--- START ---
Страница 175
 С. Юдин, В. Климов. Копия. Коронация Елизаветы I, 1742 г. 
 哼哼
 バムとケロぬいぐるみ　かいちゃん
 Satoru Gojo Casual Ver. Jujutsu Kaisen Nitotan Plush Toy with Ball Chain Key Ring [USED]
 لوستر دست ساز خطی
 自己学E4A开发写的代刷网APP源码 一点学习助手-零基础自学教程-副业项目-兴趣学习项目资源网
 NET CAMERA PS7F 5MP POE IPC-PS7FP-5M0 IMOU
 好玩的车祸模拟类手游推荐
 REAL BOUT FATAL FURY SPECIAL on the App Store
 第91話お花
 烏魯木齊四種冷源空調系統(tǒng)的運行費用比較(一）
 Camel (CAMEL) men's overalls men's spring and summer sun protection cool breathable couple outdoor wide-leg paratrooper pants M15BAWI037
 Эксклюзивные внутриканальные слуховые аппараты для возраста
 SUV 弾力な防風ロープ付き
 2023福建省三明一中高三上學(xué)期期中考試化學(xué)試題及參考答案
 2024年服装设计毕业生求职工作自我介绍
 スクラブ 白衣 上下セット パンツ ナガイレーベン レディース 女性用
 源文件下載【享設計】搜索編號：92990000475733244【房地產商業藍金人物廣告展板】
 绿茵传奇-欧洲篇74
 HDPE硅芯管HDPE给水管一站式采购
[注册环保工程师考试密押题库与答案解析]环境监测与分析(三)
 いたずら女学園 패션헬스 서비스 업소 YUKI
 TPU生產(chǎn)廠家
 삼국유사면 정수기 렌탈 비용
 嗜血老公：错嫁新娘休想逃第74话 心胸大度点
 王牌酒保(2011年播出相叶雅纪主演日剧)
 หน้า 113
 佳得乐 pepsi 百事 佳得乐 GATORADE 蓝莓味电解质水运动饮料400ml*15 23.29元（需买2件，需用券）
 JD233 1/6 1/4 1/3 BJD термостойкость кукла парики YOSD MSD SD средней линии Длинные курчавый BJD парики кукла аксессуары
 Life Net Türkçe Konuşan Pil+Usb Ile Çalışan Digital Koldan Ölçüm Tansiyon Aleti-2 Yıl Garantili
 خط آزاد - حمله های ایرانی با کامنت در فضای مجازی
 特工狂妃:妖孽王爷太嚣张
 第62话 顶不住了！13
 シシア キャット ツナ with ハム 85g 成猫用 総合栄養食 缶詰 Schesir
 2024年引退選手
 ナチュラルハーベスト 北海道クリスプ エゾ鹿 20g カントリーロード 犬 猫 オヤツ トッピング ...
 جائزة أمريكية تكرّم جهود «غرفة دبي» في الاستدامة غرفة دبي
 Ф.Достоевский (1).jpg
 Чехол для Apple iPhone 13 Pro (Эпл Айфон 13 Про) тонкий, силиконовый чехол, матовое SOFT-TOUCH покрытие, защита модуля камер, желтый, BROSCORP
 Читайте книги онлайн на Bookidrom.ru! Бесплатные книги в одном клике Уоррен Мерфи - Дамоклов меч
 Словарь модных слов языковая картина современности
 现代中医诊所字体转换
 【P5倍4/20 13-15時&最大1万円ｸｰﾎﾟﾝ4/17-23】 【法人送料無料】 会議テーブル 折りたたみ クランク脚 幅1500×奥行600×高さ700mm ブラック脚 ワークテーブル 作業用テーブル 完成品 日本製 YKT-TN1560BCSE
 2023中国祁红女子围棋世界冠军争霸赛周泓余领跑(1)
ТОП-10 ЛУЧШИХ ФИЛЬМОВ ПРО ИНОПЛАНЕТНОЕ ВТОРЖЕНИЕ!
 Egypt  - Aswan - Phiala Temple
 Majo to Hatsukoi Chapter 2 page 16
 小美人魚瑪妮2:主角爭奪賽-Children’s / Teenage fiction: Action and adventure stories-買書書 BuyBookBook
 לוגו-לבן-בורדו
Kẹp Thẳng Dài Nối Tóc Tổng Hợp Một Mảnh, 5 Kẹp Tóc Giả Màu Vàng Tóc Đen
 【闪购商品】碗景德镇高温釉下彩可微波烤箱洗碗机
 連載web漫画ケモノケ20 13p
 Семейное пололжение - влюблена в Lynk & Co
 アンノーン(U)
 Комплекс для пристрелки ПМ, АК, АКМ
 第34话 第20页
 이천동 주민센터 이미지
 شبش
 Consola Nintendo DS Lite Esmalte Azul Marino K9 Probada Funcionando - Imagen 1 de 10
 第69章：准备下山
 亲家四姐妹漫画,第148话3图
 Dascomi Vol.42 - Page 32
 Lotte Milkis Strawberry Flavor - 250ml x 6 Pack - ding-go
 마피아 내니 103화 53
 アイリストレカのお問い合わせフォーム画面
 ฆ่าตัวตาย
--- END ---
Task to complete
Reproduce all of the listing, exactly as given.

Response to this exercise
Страница 175
 С. Юдин, В. Климов. Копия. Коронация Елизаветы I, 1742 г. 
 哼哼
 バムとケロぬいぐるみ　かいちゃん
 Satoru Gojo Casual Ver. Jujutsu Kaisen Nitotan Plush Toy with Ball Chain Key Ring [USED]
 لوستر دست ساز خطی
 自己学E4A开发写的代刷网APP源码 一点学习助手-零基础自学教程-副业项目-兴趣学习项目资源网
 NET CAMERA PS7F 5MP POE IPC-PS7FP-5M0 IMOU
 好玩的车祸模拟类手游推荐
 REAL BOUT FATAL FURY SPECIAL on the App Store
 第91話お花
 烏魯木齊四種冷源空調系統(tǒng)的運行費用比較(一）
 Camel (CAMEL) men's overalls men's spring and summer sun protection cool breathable couple outdoor wide-leg paratrooper pants M15BAWI037
 Эксклюзивные внутриканальные слуховые аппараты для возраста
 SUV 弾力な防風ロープ付き
 2023福建省三明一中高三上學(xué)期期中考試化學(xué)試題及參考答案
 2024年服装设计毕业生求职工作自我介绍
 スクラブ 白衣 上下セット パンツ ナガイレーベン レディース 女性用
 源文件下載【享設計】搜索編號：92990000475733244【房地產商業藍金人物廣告展板】
 绿茵传奇-欧洲篇74
 HDPE硅芯管HDPE给水管一站式采购
[注册环保工程师考试密押题库与答案解析]环境监测与分析(三)
 いたずら女学園 패션헬스 서비스 업소 YUKI
 TPU生產(chǎn)廠家
 삼국유사면 정수기 렌탈 비용
 嗜血老公：错嫁新娘休想逃第74话 心胸大度点
 王牌酒保(2011年播出相叶雅纪主演日剧)
 หน้า 113
 佳得乐 pepsi 百事 佳得乐 GATORADE 蓝莓味电解质水运动饮料400ml*15 23.29元（需买2件，需用券）
 JD233 1/6 1/4 1/3 BJD термостойкость кукла парики YOSD MSD SD средней линии Длинные курчавый BJD парики кукла аксессуары
 Life Net Türkçe Konuşan Pil+Usb Ile Çalışan Digital Koldan Ölçüm Tansiyon Aleti-2 Yıl Garantili
 خط آزاد - حمله های ایرانی با کامنت در فضای مجازی
 特工狂妃:妖孽王爷太嚣张
 第62话 顶不住了！13
 シシア キャット ツナ with ハム 85g 成猫用 総合栄養食 缶詰 Schesir
 2024年引退選手
 ナチュラルハーベスト 北海道クリスプ エゾ鹿 20g カントリーロード 犬 猫 オヤツ トッピング ...
 جائزة أمريكية تكرّم جهود «غرفة دبي» في الاستدامة غرفة دبي
 Ф.Достоевский (1).jpg
 Чехол для Apple iPhone 13 Pro (Эпл Айфон 13 Про) тонкий, силиконовый чехол, матовое SOFT-TOUCH покрытие, защита модуля камер, желтый, BROSCORP
 Читайте книги онлайн на Bookidrom.ru! Бесплатные книги в одном клике Уоррен Мерфи - Дамоклов меч
 Словарь модных слов языковая картина современности
 现代中医诊所字体转换
 【P5倍4/20 13-15時&最大1万円ｸｰﾎﾟﾝ4/17-23】 【法人送料無料】 会議テーブル 折りたたみ クランク脚 幅1500×奥行600×高さ700mm ブラック脚 ワークテーブル 作業用テーブル 完成品 日本製 YKT-TN1560BCSE
 2023中国祁红女子围棋世界冠军争霸赛周泓余领跑(1)
ТОП-10 ЛУЧШИХ ФИЛЬМОВ ПРО ИНОПЛАНЕТНОЕ ВТОРЖЕНИЕ!
 Egypt  - Aswan - Phiala Temple
 Majo to Hatsukoi Chapter 2 page 16
 小美人魚瑪妮2:主角爭奪賽-Children’s / Teenage fiction: Action and adventure stories-買書書 BuyBookBook
 לוגו-לבן-בורדו
Kẹp Thẳng Dài Nối Tóc Tổng Hợp Một Mảnh, 5 Kẹp Tóc Giả Màu Vàng Tóc Đen
 【闪购商品】碗景德镇高温釉下彩可微波烤箱洗碗机
 連載web漫画ケモノケ20 13p
 Семейное пололжение - влюблена в Lynk & Co
 アンノーン(U)
 Комплекс для пристрелки ПМ, АК, АКМ
 第34话 第20页
 이천동 주민센터 이미지
 شبش
 Consola Nintendo DS Lite Esmalte Azul Marino K9 Probada Funcionando - Imagen 1 de 10
 第69章：准备下山
 亲家四姐妹漫画,第148话3图
 Dascomi Vol.42 - Page 32
 Lotte Milkis Strawberry Flavor - 250ml x 6 Pack - ding-go
 마피아 내니 103화 53
 アイリストレカのお問い合わせフォーム画面
 ฆ่าตัวตาย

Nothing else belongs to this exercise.